Jameson and Avery meet with Ian to learn more about Vantage and the Devil’s Mercy. Ian is not surprised that Jameson brought Avery and reveals that he expected Avery to join Jameson and that she is much more likely to gain access to the Devil’s Mercy because of her wealth and status. Jameson doesn’t want Ian to use Avery, but Avery insists that she wants to try to win the Game with Jameson. The two decide they’ll ask around at Avery’s social appointments to try and get the Proprietor—the owner of the Devil’s Mercy—to notice them.
Avery calls her lawyer and publicist Alisa to accept a social invitation so that she and Jameson can begin their hunt for the Devil’s Mercy. Nash confronts Jameson about how affected he is by Ian, but Jameson shrugs off his concern. Based on Avery’s attire, including a fascinator, Jameson realizes that the social event Alisa secured for them is the horse races.
At the races, Jameson and Avery drop hints in every conversation about the Devil’s Mercy, waiting for one of the attendees to know the club and make a move.
Jameson and Avery attend the after-party of the horse race and continue to drop hints about the Devil’s Mercy, including asking attendees to tag them in photos online with the hashtag TDM. After no success, Avery suggests they split up to see if a member of the Mercy will approach one of them alone.
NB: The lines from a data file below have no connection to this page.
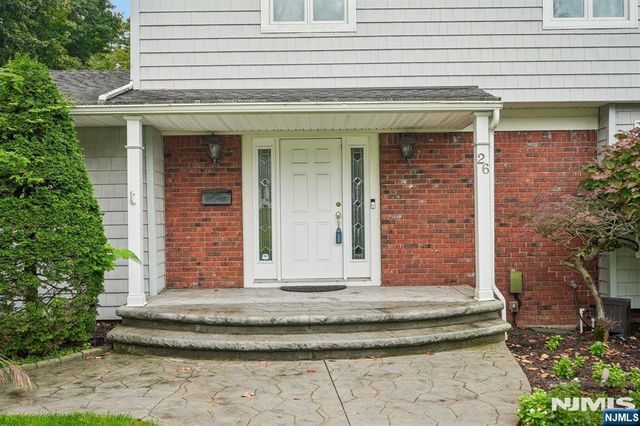 26 Almroth Drive, Wayne, NJ 07470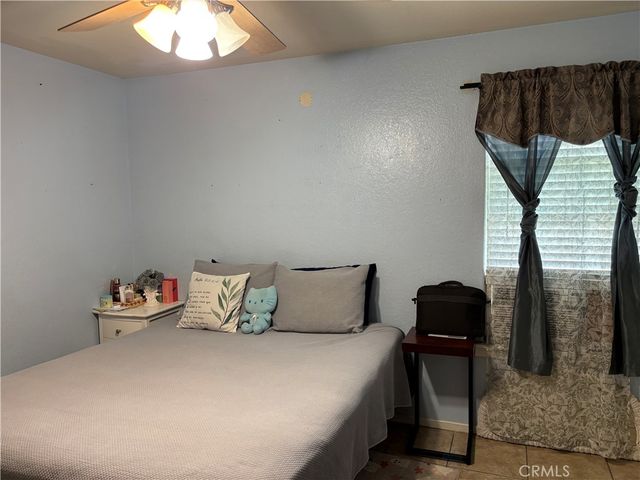 3107 E Avenue R5, Palmdale, CA 93550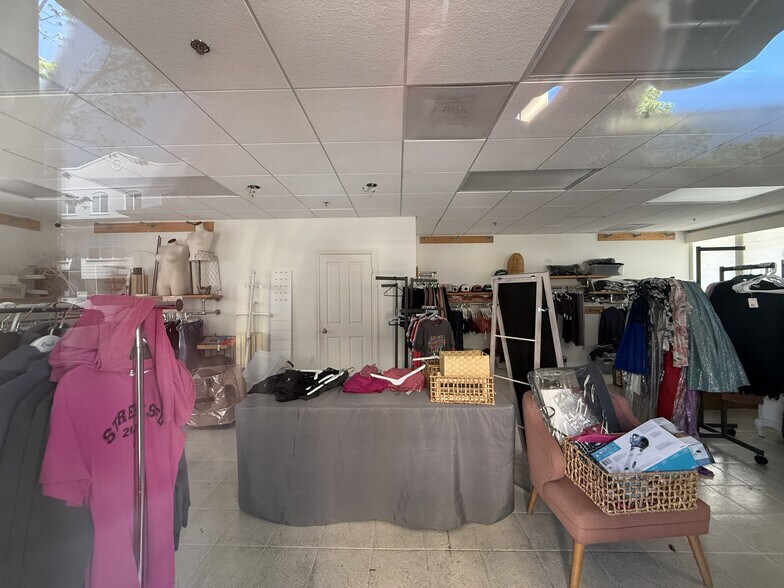 More Photos Of 9030 Windsor Rd, Windsor General Retail For Sale
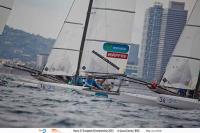 Iker Martínez defiende a partir de mañana en aguas de Barcelona la corona continental de la clase Nacra 17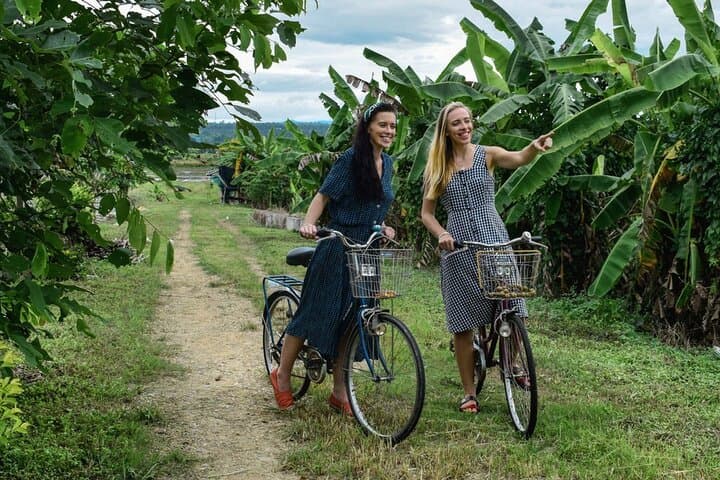 Chiang Mai Countryside Bike Tour & Thai Cooking Class (Private)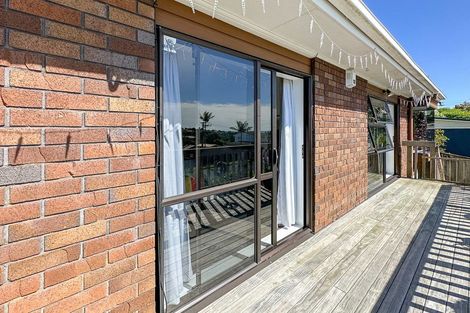 Photo of property in 1/1 Nigel Road, Browns Bay, Auckland, 0630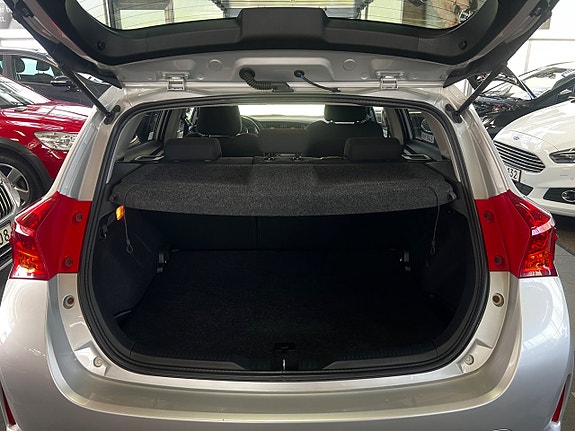Toyota Auris 7 of 15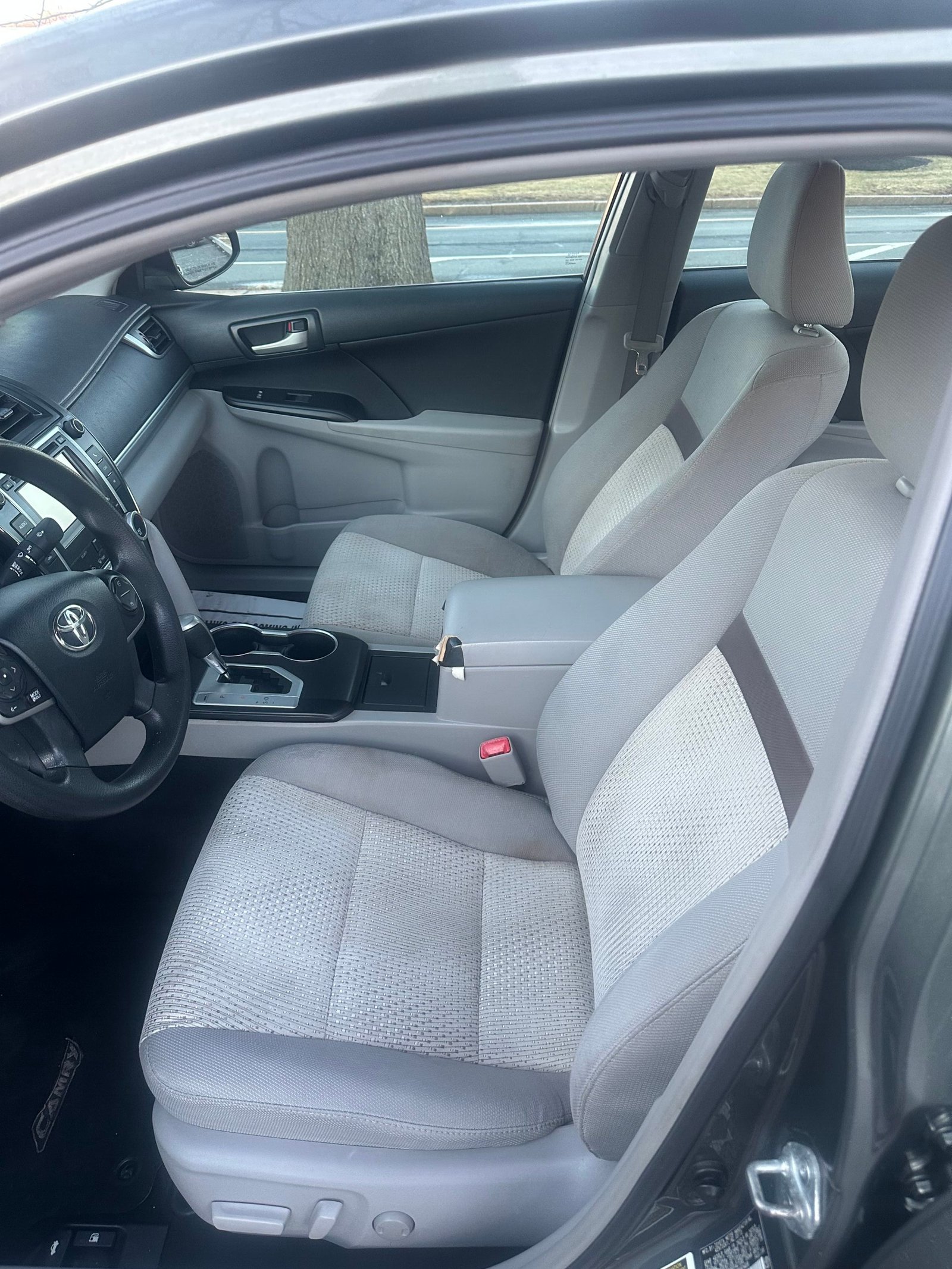 2013 Toyota Camry LE - Photo 17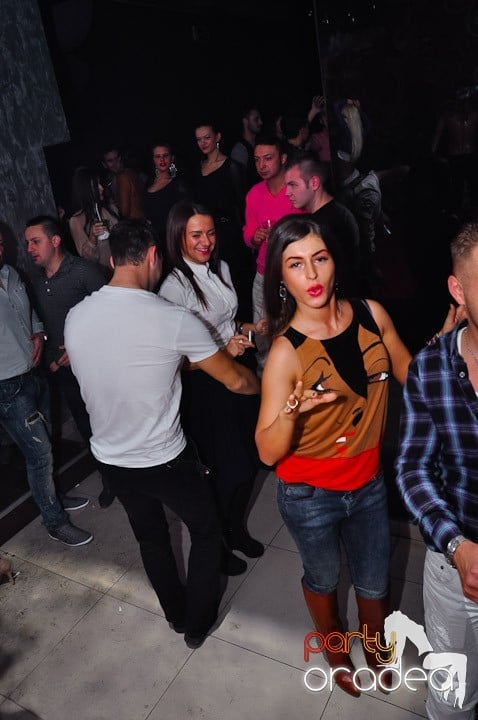 Party în Club Heat, 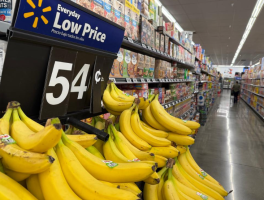 美國商場貨架一線觀察:關稅沖擊下的民眾“物價焦慮”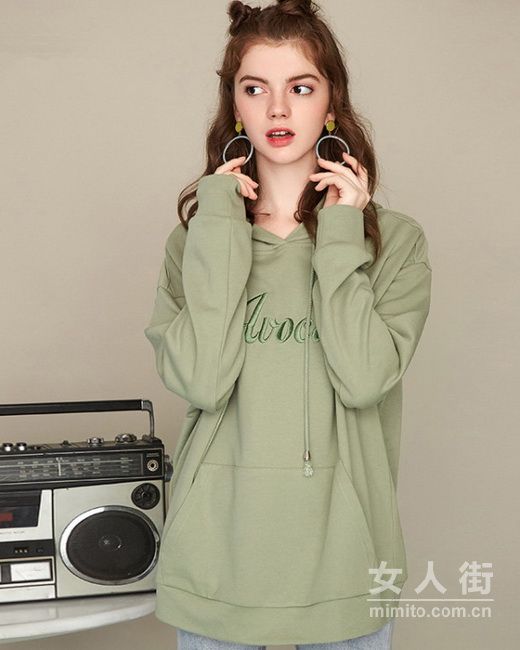 秋日卫衣秀，围住清纯活力美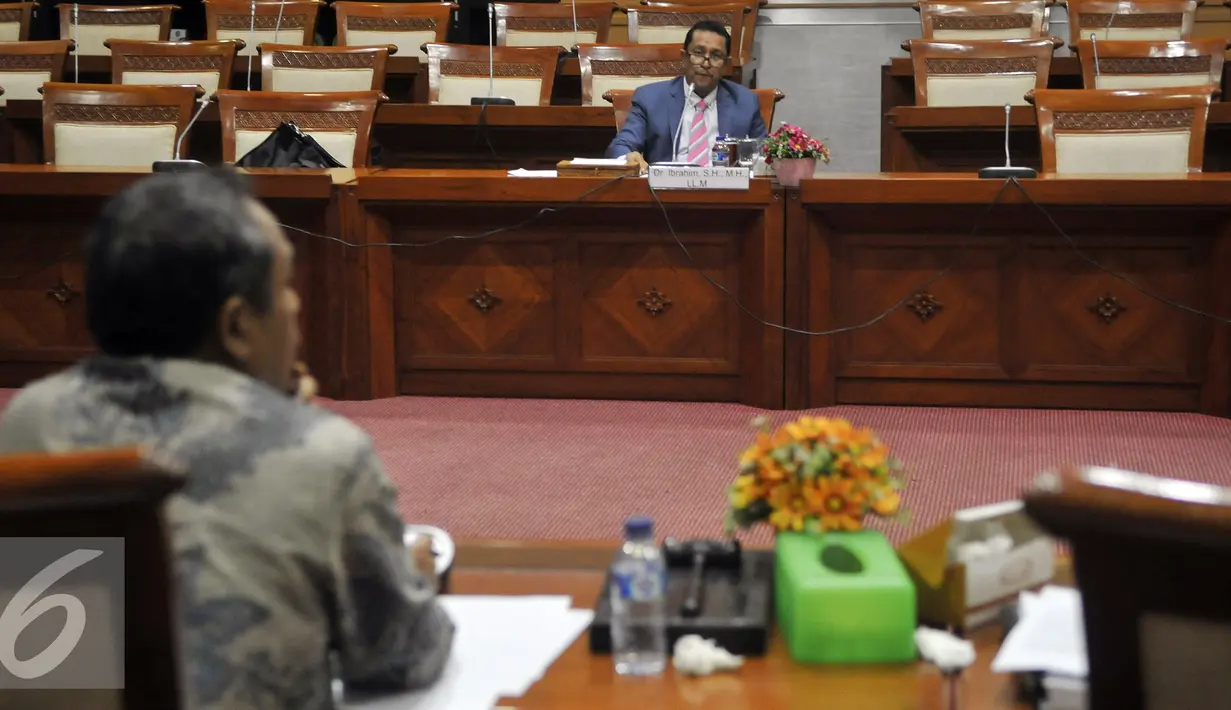 Calon Hakim Agung Ibrahim menyimak pertanyaan dari Komisi III saat mengikuti uji kelayakan dan kepatutan di Kompleks Parlemen Senayan, Jakarta, Senin (29/8). (Liputan6.com/JohanTallo)
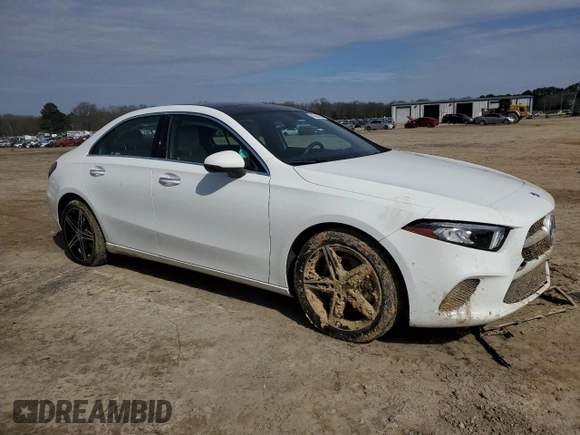 2022 Mercedes-Benz A 220 with VIN W1K3G4EB0NJ349774, listed as a Copart auction lot 45664385 with 18,779 mi miles and Salvage Title. Bid and sale history available at DreamBid. Image 4.
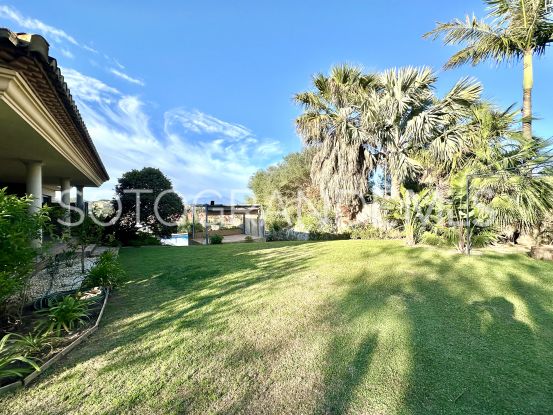 Villa for sale in Zona B, Sotogrande Costa | Kassa Sotogrande Real Estate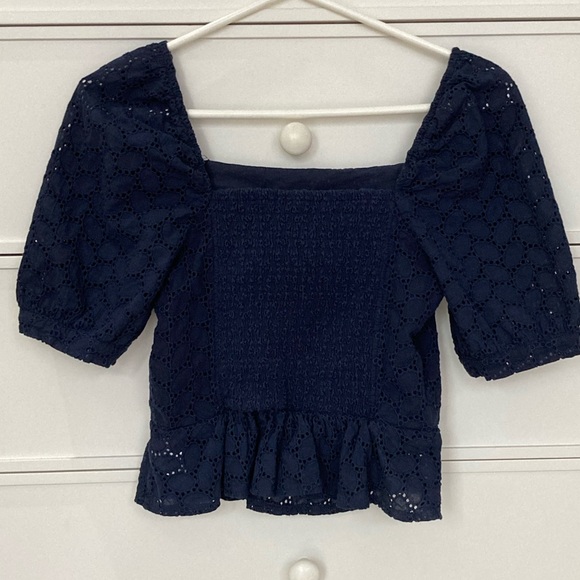 Navy Draper James peplum top with puff sleeve, size small - Picture 3 of 3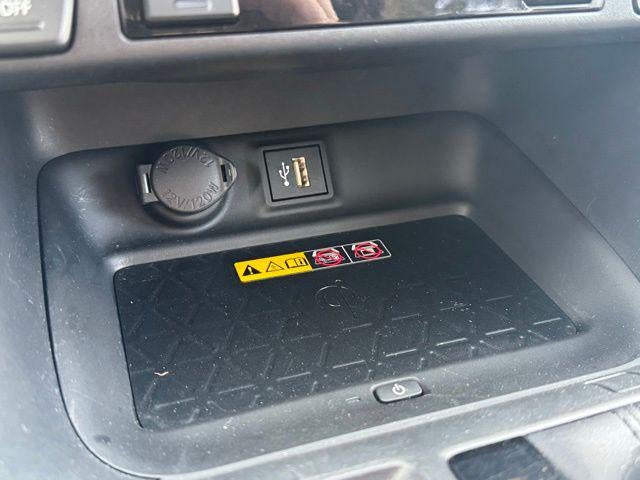 2025 Toyota RAV4 Hybrid XLE Premium AWD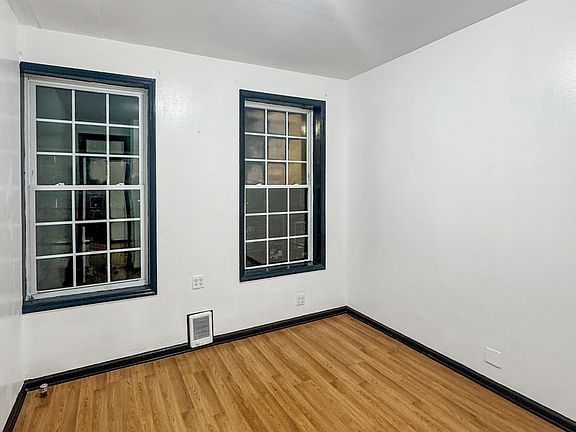 2nd image of 639 Manida St #2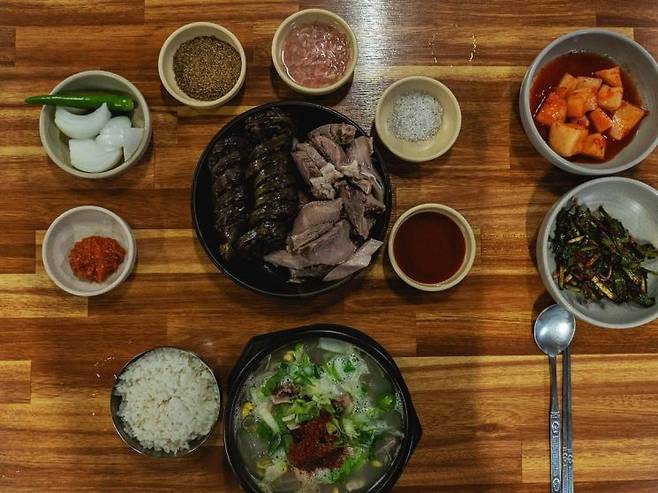 제주도 맛집에서 차린 한상. 제주관광공사 홈페이지,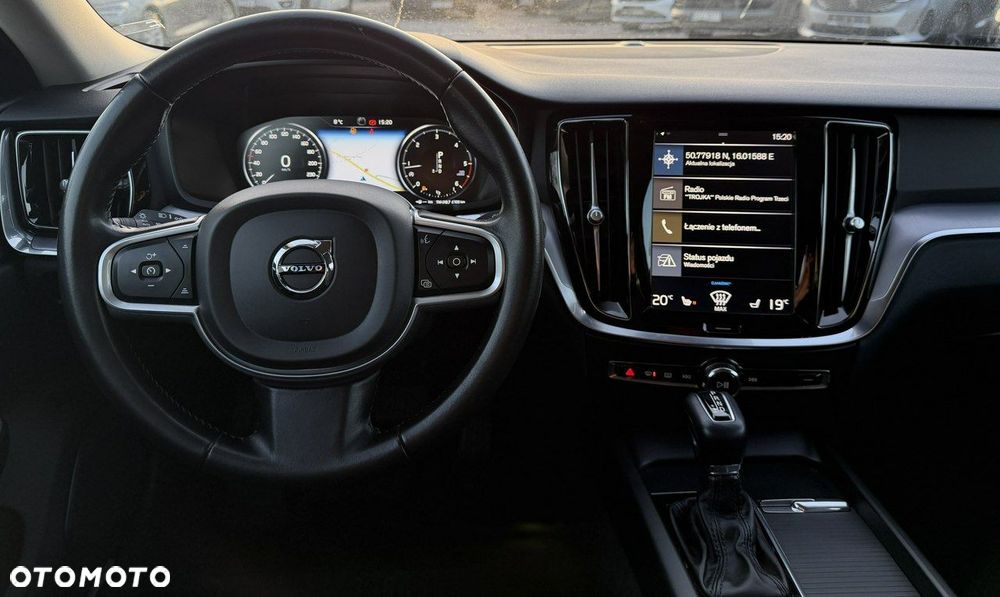 Volvo V60 D4 Geartronic Momentum Pro - 18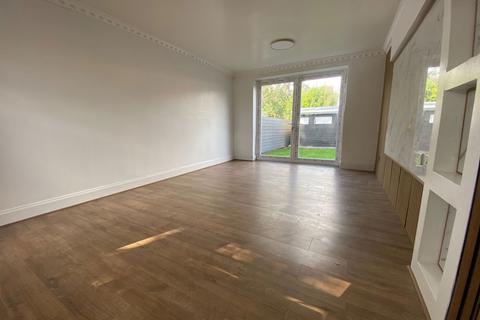 undefined, 12 Ullock Walk, Middleton M24 4JA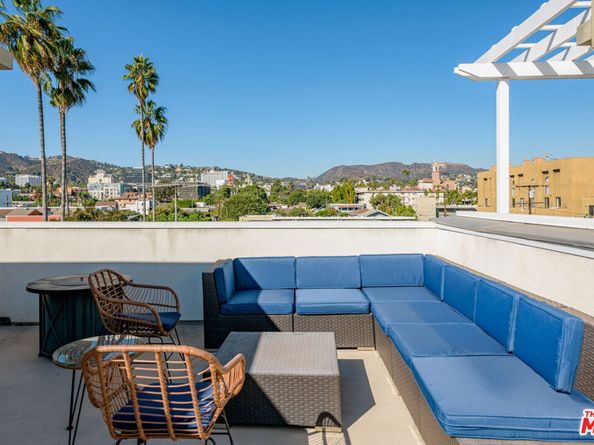 6733 W Hepburn Way, Los Angeles CA 90038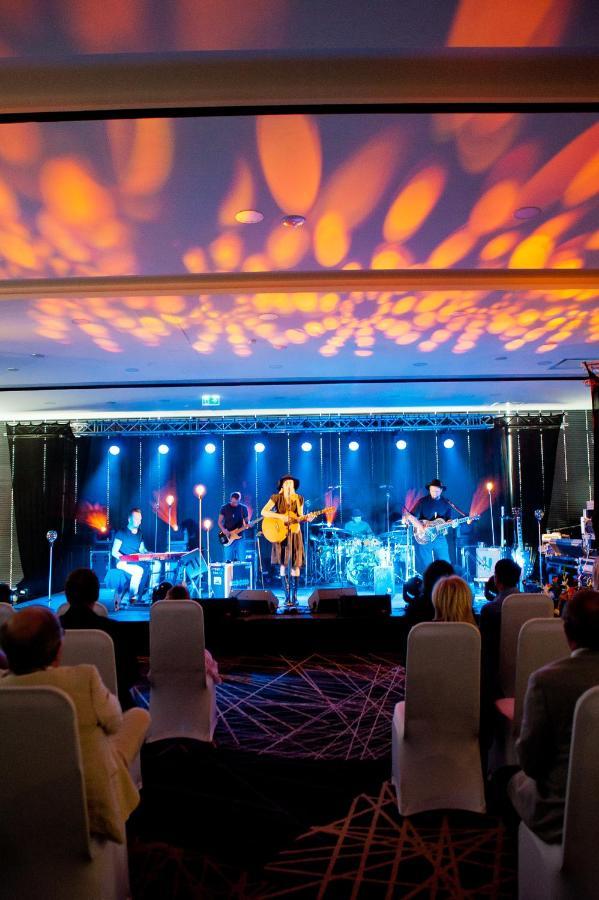 Ambasador Premium Hotel Lodź Bagian luar foto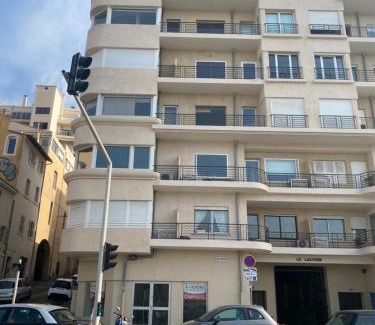 Saint-Victor Apartment | Vue panoramique Vieux Port Marseille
Jameson goes outside and starts a conversation with a server, who turns out to be a messenger for the Devil’s Mercy. The messenger tells Jameson to stop looking, but when Avery meets them both outside, the messenger suggests that the Proprietor, the head of the Mercy, may be interested in inviting Avery.
When Jameson and Avery arrive back at the flat, they decode a series of sticky notes left by Xander that tells them he and Nash are headed back to the United States. Oren, Avery’s bodyguard, alerts her and Jameson to a visitor on their balcony: the messenger from the Devil’s Mercy. The messenger, Rohan, says they’ve got the attention of the Proprietor’s second in command, the Factorum. The Factorum is extending Avery an invitation to the Mercy for one week, in exchange for her losing £200,000 at the gambling tables over three nights. If Avery insists on Jameson joining, the price will increase to £500,000 in three nights. Avery and Jameson agree and sign Rohan’s nondisclosure agreement.
Back in Phoenix, Grayson decides the best way to sabotage Gigi’s search for the safe-deposit box will be to steal the key she carries. He reaches out to her on a social media site, asking, “Have you heard from Kent Trowbridge?” (80). Gigi responds with enthusiasm and a string of messages, inviting Grayson to come to her house as part of his search for her father. Grayson, determined to keep his distance and put boundaries in place, lies to Gigi, telling her he has a girlfriend. Gigi responds with “thirteen pictures of cats” and a question: “Do you want to be Sherlock or Watson?” (82).
In this first section of The Brothers Hawthorne, the author establishes the narrative structure for the novel and each protagonist’s primary goal, obstacle, and first decision that launches their character arc.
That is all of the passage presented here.